■ Recorded data ■

________________

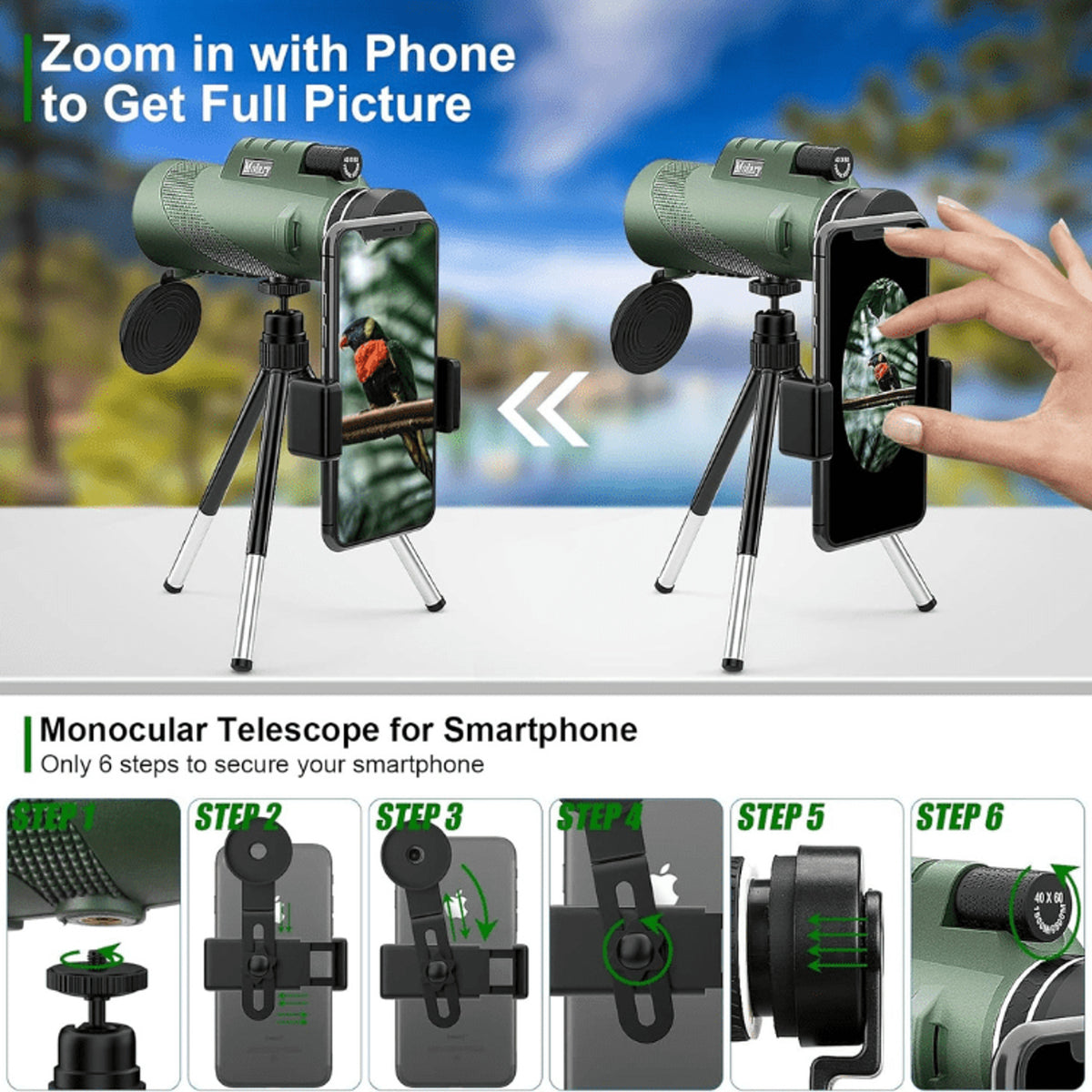 Ultra-Zoom Monocular Telescope 600x HD Lens Compact For Hiking & Birdwatching - Image 7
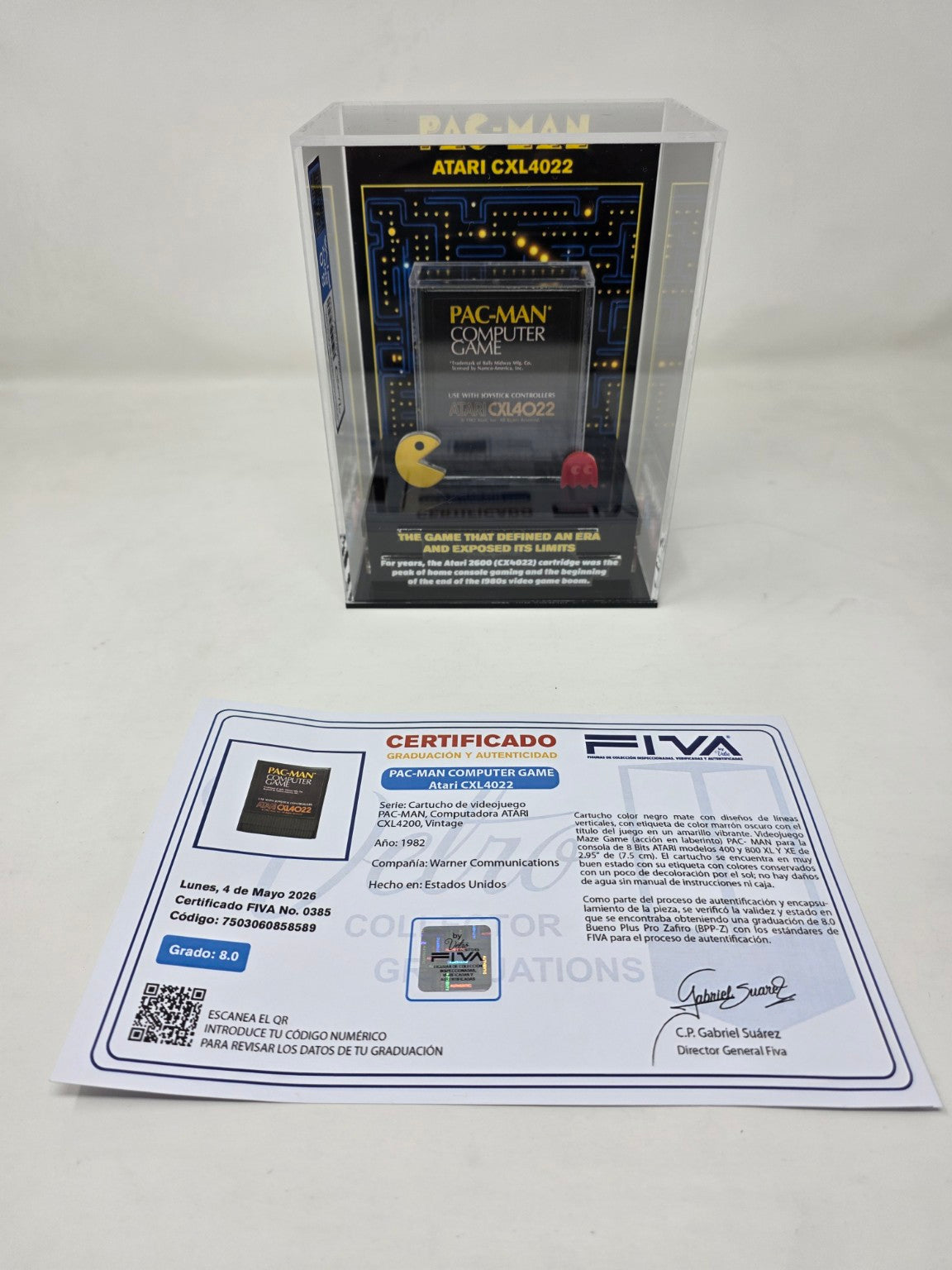 PAC-MAN COMPUTER GAME (ATARI CXL4022, 1982) - CERTIFICADA POR FIVA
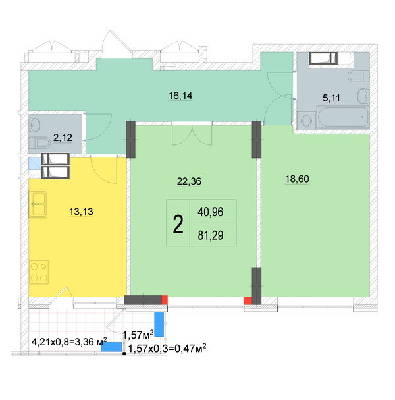 2-комнатная 81.29 м² в ЖК Новопечерские Липки от 65 090 грн/м², Киев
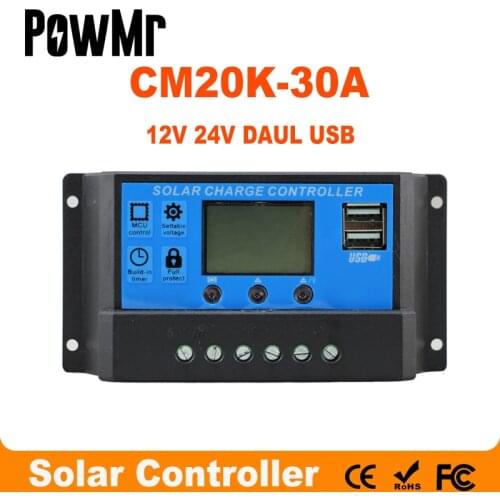 Solar Charge Controller 30A Dual USB 5V Output 12V 24V Auto Big LCD Display Solar Panel Controller Battery Charge Regulator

________________

■ Exercise ■
Please give the data again unaltered, leaving out any images.

■ Finished exercise ■
 Ultra-Zoom Monocular Telescope 600x HD Lens Compact For Hiking & Birdwatching - Image 7
 PAC-MAN COMPUTER GAME (ATARI CXL4022, 1982) - CERTIFICADA POR FIVA
 2-комнатная 81.29 м² в ЖК Новопечерские Липки от 65 090 грн/м², Киев
 Solar Charge Controller 30A Dual USB 5V Output 12V 24V Auto Big LCD Display Solar Panel Controller Battery Charge Regulator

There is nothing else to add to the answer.